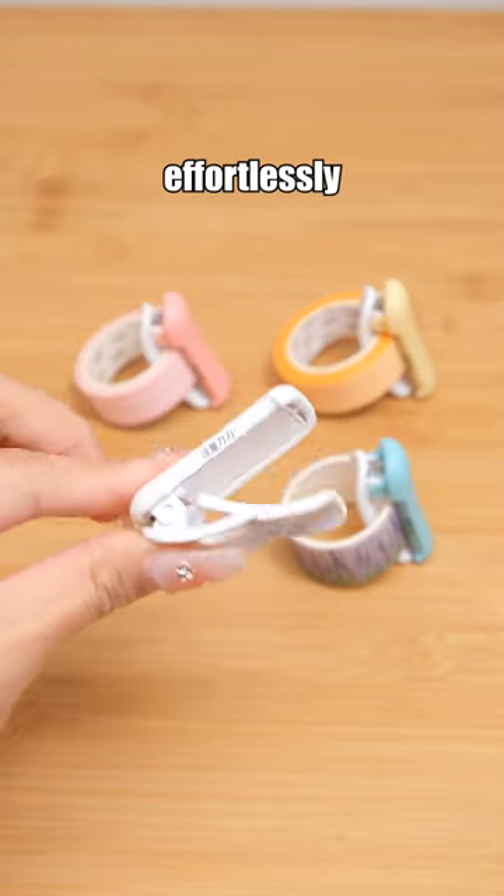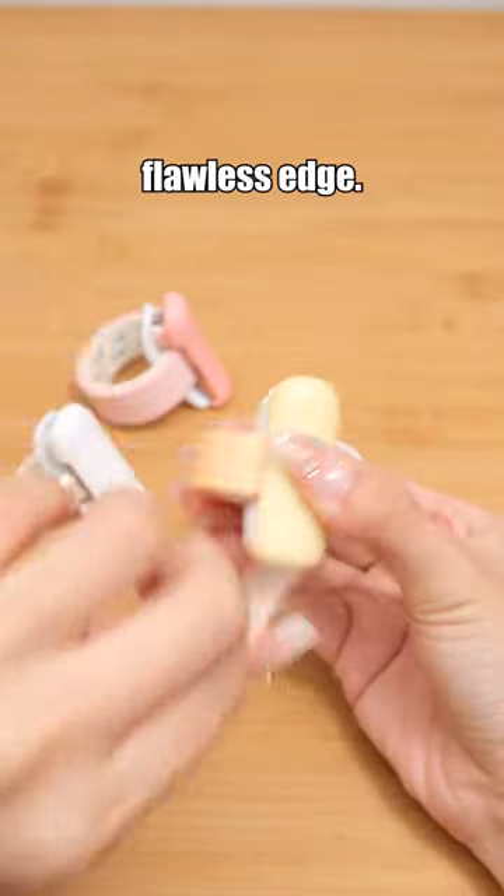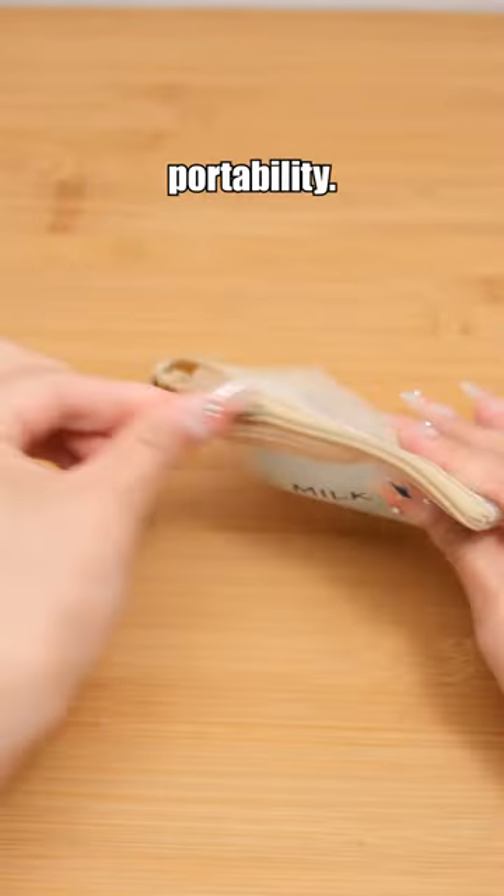Kokuyo Karu cut washi tape cutter. It effortlessly helps you cut tape with a flawless edge. Its compact design allows for easy portability.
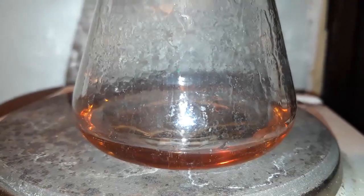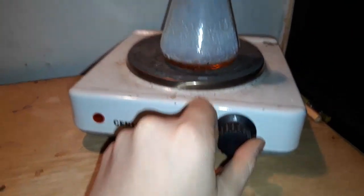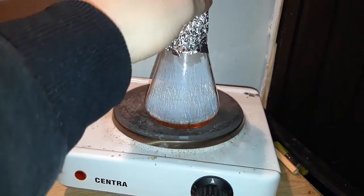After one hour, the reaction is still taking place. After two hours, we stop the heating and cool the flask down to room temperature.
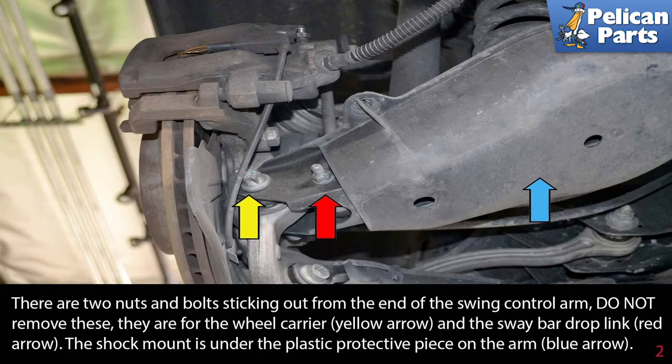There are two nuts and bolts sticking out from the end of the swing control arm — do not remove these. They are for the wheel carrier (yellow arrow) and the sway bar drop link (red arrow). The shock mount is under the plastic protective piece on the arm (blue arrow).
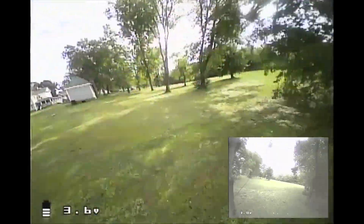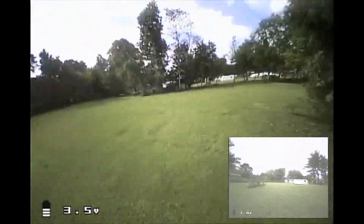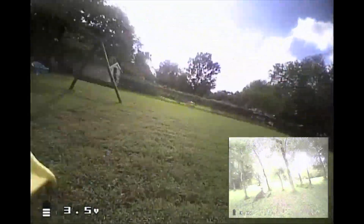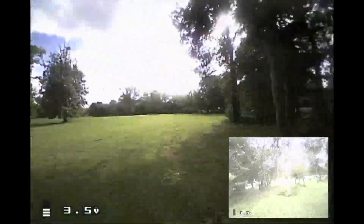This is a custom 7mm brushed whoop with a B-Core V2 flight controller. The camera is a CMOS AKK all-in-one camera, so it's not the best, but it does okay. The footage looks a lot better.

▶ _Exercise goal_: Reproduce the data word for word, excluding its pictures.

▶ _Reply to the task_:
Kokuyo Karu cut washi tape cutter. It effortlessly helps you cut tape with a flawless edge. Its compact design allows for easy portability.
After one hour, the reaction is still taking place. After two hours, we stop the heating and cool the flask down to room temperature.
There are two nuts and bolts sticking out from the end of the swing control arm — do not remove these. They are for the wheel carrier (yellow arrow) and the sway bar drop link (red arrow). The shock mount is under the plastic protective piece on the arm (blue arrow).
This is a custom 7mm brushed whoop with a B-Core V2 flight controller. The camera is a CMOS AKK all-in-one camera, so it's not the best, but it does okay. The footage looks a lot better.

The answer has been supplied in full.